More Millennial mothers are single than married

In pre-modern times, the disparity in men’s and women’s higher education opportunities was often defended by the view that women’s education would be wasted because they’d end up “just being mothers.” Of course, we now recognize that a mother’s education plays a vital role in the education of her children and, thus, in the welfare of the community and society as a whole.

Today, when women comprise 57 percent of all undergraduates (as compared to only 42 percent in 1970), there is a new twist on inequality, and it shows up prominently among Millennial women. More Millennial mothers (ages 26-31) are single than married. Only a third of all mothers in their late twenties and early thirties are married, and the determining factor has been known by scholars and researchers for quite a while. Now the difference between single motherhood and married moms is becoming more widely recognized: the less education a young woman has, the higher the likelihood that she will have a child outside of marriage, which is pretty much a one-way ticket to poverty (the poverty rate of children under five years of age living in female-headed households is 57 percent). The other side of this equation is that those moms who are educated have a much higher probability of being married before having a child.

By now, everyone should know the realities that single parenthood is disastrous financially for young women and has predictable, well-known risks for children of single mothers. Yet public discourse continues to focus on “inequality” as the nebulous concept “polarizing” the nation and can only be reversed by expanding government programs and increasing entitlements. Hardly anyone escapes the abundant evidence of the failures of single parenting all around us —— from unruly and unprepared children in the school classrooms to belligerent fatherless boys terrorizing neighborhoods to abused and neglected children in emergency rooms to harried moms and wild kids at the local Walmart. Single mothers are the first ones to say that they can’t do the 24/7 job of parenting all alone, and while many are heroic, even more have given up and “go with the flow.”

A new Johns Hopkins study was just popularized in Time magazine. Using data from the National Longitudinal Survey of Youth (widely known as the NLSY97 — U.S. Bureau of Labor Statistics, 2005), the study found that among those who were in their teens and twenties in 1997, 81 percent of all births reported by women and 87 percent of births reported by men occurred to non-college graduates and that 57 percent of those births were outside of marriage. In addition, 64 percent of those women and 63 percent of those men had at least one child outside of marriage.
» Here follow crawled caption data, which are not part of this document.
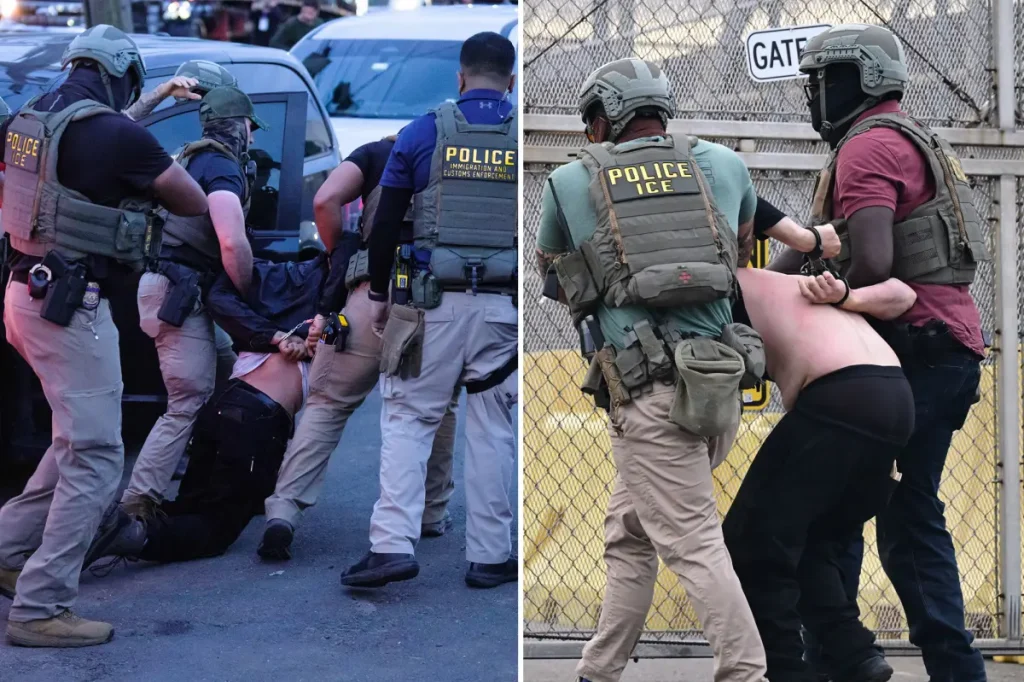 Protesters against ICE reportedly attacked federal agents with a chemical substance during a demonstration outside Newark's Delaney Hall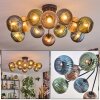 Koyoto Plafoniera, Lampada a sfera 89 cm Blu, Verde, Ramato, 12-Luci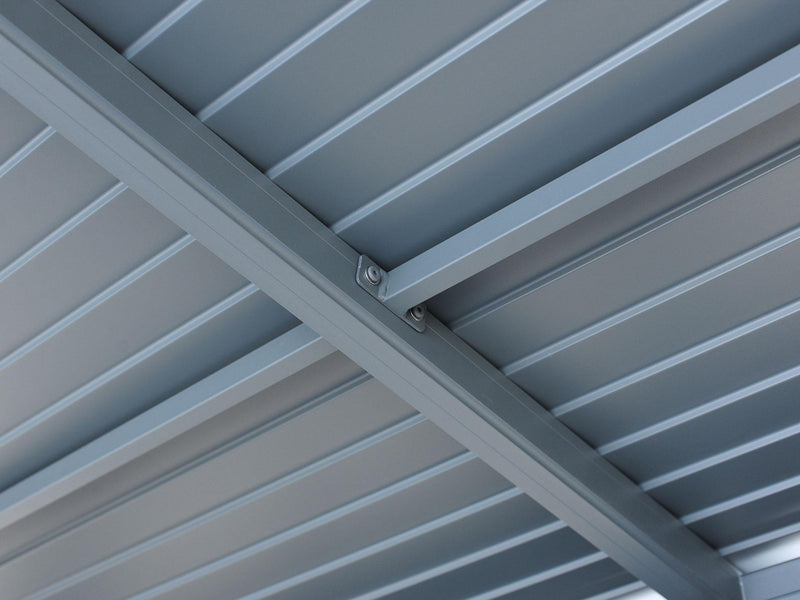 Gazebo Penguin Florence - Wall Mounted Solarium 10x16 Metal Roof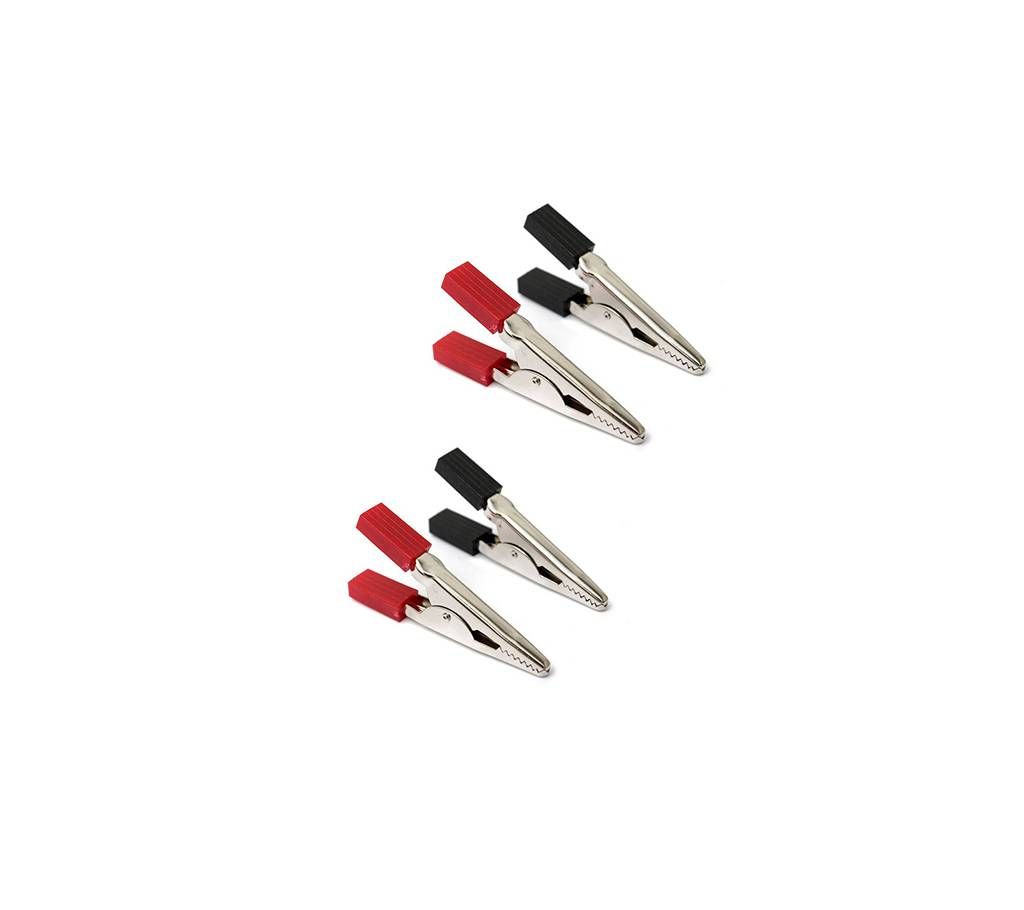 Crocodile Clip (2 piece Red & 2 piece Black)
Among those without a four-year college degree, the figure rose to 74 percent among women and 70 percent among men. “It is now unusual,” the report stated, “for non-college-graduates who have children in their teens and twenties to have all of them within marriage.” The implications of that fact are profound for American culture and society; they are highly significant regarding the “growing social class inequalities in family patterns.”

The original scholarly article is quite clear: this “distinctive fertility regime in early adulthood reinforces the growing social class differences in American family life.” The authors are unequivocal about the fact that “nonmarital fertility is associated with greater relationship instability and family complexity… [that] reinforces family inequalities between the non-college graduate and college-graduate populations.”

The evidence regarding the effects of the ongoing dismantling of the traditional family structure for alternative arrangements since the 1960s sexual revolution pervades the social science research, yet public policy lags behind, and the nation’s leaders continue to pretend that the decline in marriage is not the primary cause of social and financial inequality. As the Time article put it, “Motherhood is beginning to show the fissures along income and education lines that have already appeared in other aspects of U.S. society, with a small cluster of wealthy well educated people at one end (married with kids), a large cluster of struggling people at the other (kids, not married) and a thinning middle.”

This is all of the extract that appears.